In the access point according to any one of the embodiments of the present disclosure, in a case where the first communicator has detected the priority signal and where the detector is monitoring the second channel, the controller may switch the first channel to a third channel which enables the first communicator and the communication terminal to wirelessly communicate with each other and in which the priority signal is not detected.

In the access point according to any one of the embodiments of the present disclosure, the controller may obtain date-time information. In a case where the date-time information satisfies a second condition different from the first condition, the controller may switch the third channel to the second channel.

In the access point according to any one of the embodiments of the present disclosure, upon activation of the first communicator, the controller may switch the first channel to a third channel which is communicable with the communication terminal and in which the priority signal is not detected.

In the access point according to any one of the embodiments of the present disclosure, in a case where a second communicator different from the first communicator has detected the priority signal, the controller may set the second channel based on a checking result obtained by checking the plurality of channels and based on detection of the priority signal.

The communication controlling method according to any one of the embodiments of the present disclosure may include checking the plurality of channels on every passage of a predetermined time interval to set the second channel.

The communication controlling method according to any one of the embodiments of the present disclosure may include updating the predetermined time interval based on a checking result obtained by checking the plurality of channels obtained in advance.

In the communication controlling method according to any one of the embodiments of the present disclosure, the first condition may include at least one of: a number of second communicators respectively connected to the plurality of channels excluding the first communicator; a strength of a signal transmitted from each of the second communicators to the first communicator on each of the plurality of channels; and an amount of noise detected on each of a plurality of the first channels.

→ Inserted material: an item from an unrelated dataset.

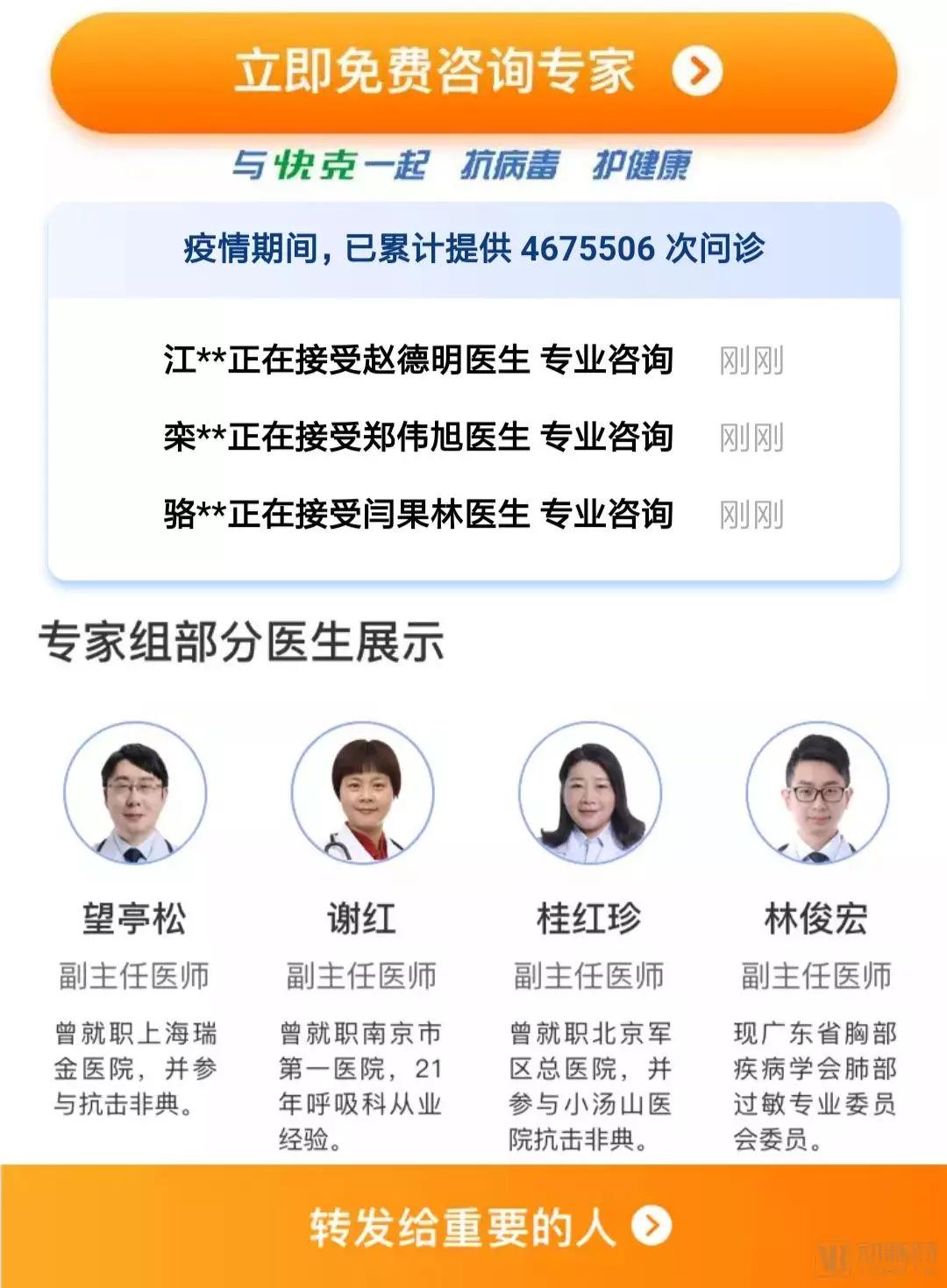 快手粉丝业务商城全攻略，从入门到精通的实战指南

The communication controlling method according to any one of the embodiments of the present disclosure may include, in a case where the first communicator has detected the priority signal and where the detector is monitoring the second channel, switching the first channel to a third channel which enables the first communicator and the communication terminal to wirelessly communicate with each other and in which the priority signal is not detected.

The communication controlling method according to any one of the embodiments of the present disclosure may include obtaining date-time information, and in a case where the date-time information satisfies a second condition different from the first condition, switching the third channel to the second channel.

The communication controlling method according to any one of the embodiments of the present disclosure may include, upon activation of the first communicator, switching the first channel to a third channel which is communicable with the communication terminal and in which the priority signal is not detected.

The communication controlling method according to any one of the embodiments of the present disclosure may include, in a case where a second communicator different from the first communicator has detected the priority signal, setting the second channel based on a checking result obtained by checking the plurality of channels and based on detection of the priority signal.

While embodiments of the present disclosure have been described, the embodiments are intended as illustrative only and are not intended to limit the scope of the present disclosure. It will be understood that the present disclosure can be embodied in other forms without departing from the scope of the present disclosure, and that other omissions, substitutions, additions, and/or alterations can be made to the embodiments. Thus, these embodiments and modifications thereof are intended to be encompassed by the scope of the present disclosure. The scope of the present disclosure accordingly is to be defined as set forth in the appended claims.

Claims

1. An access point comprising:

a first communicator configured to wirelessly communicate with a communication terminal using a first channel among a plurality of channels;

a detector configured to detect a priority signal; and

a controller configured to: check the plurality of channels to set a second channel from among the plurality of channels, the second channel being different from the first channel and satisfying a first condition; instruct the detector to monitor the second channel for the priority signal; and in a case where the first communicator has detected the priority signal in the first channel, switch the first channel to the second channel.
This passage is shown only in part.